Desses encontros nasceriam frutíferas conexões que, assim como no romance de Cervantes, ultrapassam as incumbências cotidianas e compreendem uma evolução mútua. Se no romance de Cervantes Pança vai aos poucos pousando os pés de Quixote no chão, enquanto este o contamina com desvarios, nas trupes as duplas – que nem sempre dividem as mesmas opiniões – alternam-se no ensinamento das técnicas dos grupos, na escolha de elenco e nas questões administrativas.

Milagre do Esbarro

Dionísio, Boca de Ouro e Oswald de Andrade são alguns dos personagens já vividos por Marcelo Drummond, que aos 49 anos ocupa o posto de primeiro-ator do Teatro Oficina.
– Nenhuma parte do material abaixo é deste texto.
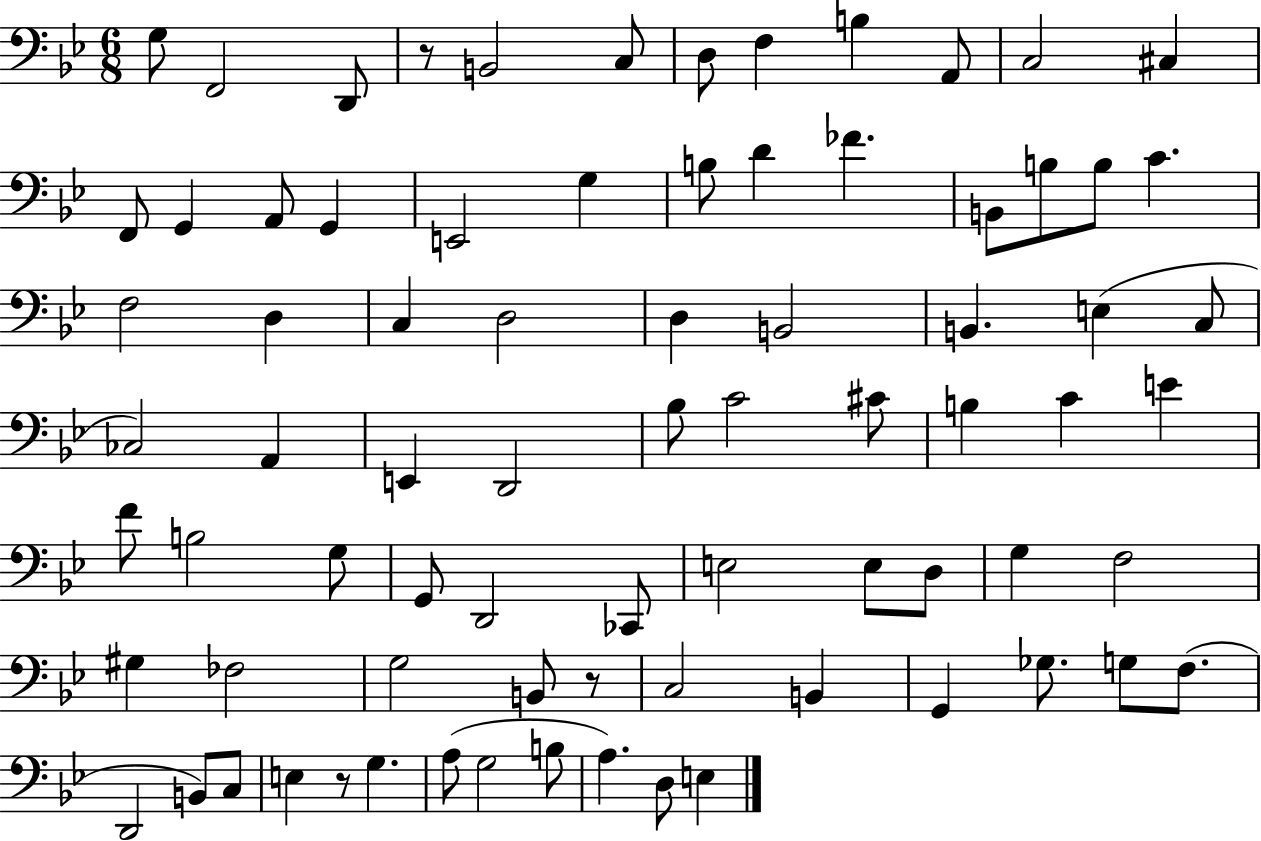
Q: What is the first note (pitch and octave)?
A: G3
Sua estreia na companhia, ao lado de Zé Celso e do ator Raul Cortez, data de 1991, com a peça As Boas, do dramaturgo francês Jean Genet. A entrada no grupo, no entanto, é anterior à subida aos palcos. Em 1986, em um momento crítico da companhia, dispersa desde 1974 por causa do exílio de Zé Celso em Portugal, Drummond literalmente esbarrou no diretor.
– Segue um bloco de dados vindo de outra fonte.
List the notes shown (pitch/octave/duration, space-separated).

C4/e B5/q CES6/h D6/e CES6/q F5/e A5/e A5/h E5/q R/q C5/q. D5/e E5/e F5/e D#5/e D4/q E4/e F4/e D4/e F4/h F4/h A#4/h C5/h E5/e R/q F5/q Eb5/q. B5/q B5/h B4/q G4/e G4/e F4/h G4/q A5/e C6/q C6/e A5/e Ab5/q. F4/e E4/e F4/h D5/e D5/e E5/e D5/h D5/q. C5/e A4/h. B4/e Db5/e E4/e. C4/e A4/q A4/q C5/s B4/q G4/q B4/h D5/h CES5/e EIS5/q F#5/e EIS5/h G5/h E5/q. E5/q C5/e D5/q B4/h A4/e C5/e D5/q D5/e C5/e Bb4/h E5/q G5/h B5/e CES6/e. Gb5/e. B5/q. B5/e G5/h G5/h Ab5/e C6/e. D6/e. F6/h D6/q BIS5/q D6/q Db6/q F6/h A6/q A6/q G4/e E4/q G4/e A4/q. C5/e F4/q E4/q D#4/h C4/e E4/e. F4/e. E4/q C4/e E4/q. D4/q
Aos 24 anos, já tinha ouvido falar de “Zé”, mas conhecia mais o trabalho de seu irmão, o ator Luís Antônio. Na época, Drummond tinha desistido do curso de Biologia e fazia esporadicamente alguns de teatro, além de bicos como garçom para ganhar dinheiro. Conheceu Zé Celso na rua, no Baixo Gávea, bairro boêmio do Rio de Janeiro, em um encontro que o próprio diretor descreve em seu blog como elétrico: “Veio para nós o MILAGRE DO ESBARRO/ nos jogou no Vertigo da Vertigem/ nos fez voltar pra trás e nosso olhar se atravessa como ponte lisérgica, a rua./ O olhar determinado de Dionísios,/ um menino lindo com os lábios muito carnudos/ atravessou a rua e veio ao meu encontro./ A eletricidade eletrocutava”.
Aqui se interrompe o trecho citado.